[Supplied information — start]

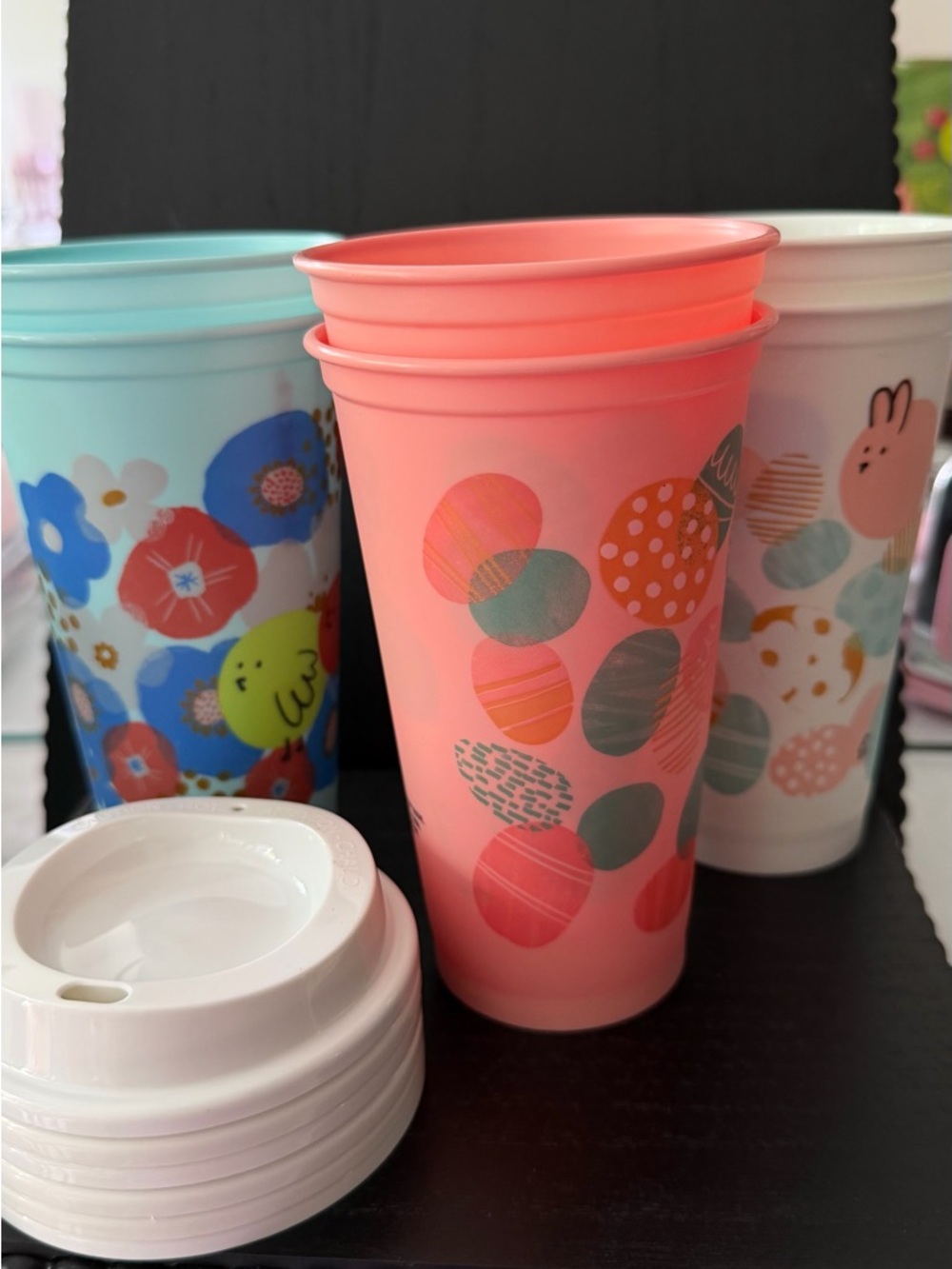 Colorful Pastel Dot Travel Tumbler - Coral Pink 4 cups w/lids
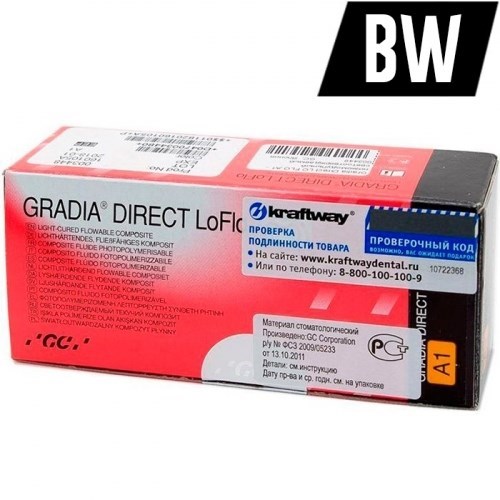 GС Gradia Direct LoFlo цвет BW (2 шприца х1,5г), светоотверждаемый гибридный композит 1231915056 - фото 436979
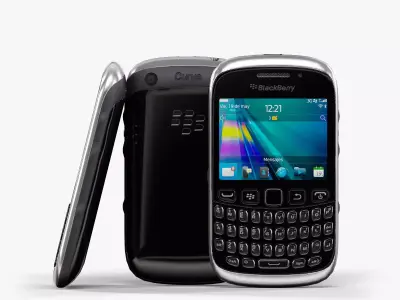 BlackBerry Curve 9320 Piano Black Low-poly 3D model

[Supplied information — finish]

[How to complete this task]
Once more, please print all the lines above exactly, without their pictures.

[Exercise solution]
 Colorful Pastel Dot Travel Tumbler - Coral Pink 4 cups w/lids
 GС Gradia Direct LoFlo цвет BW (2 шприца х1,5г), светоотверждаемый гибридный композит 1231915056 - фото 436979
 BlackBerry Curve 9320 Piano Black Low-poly 3D model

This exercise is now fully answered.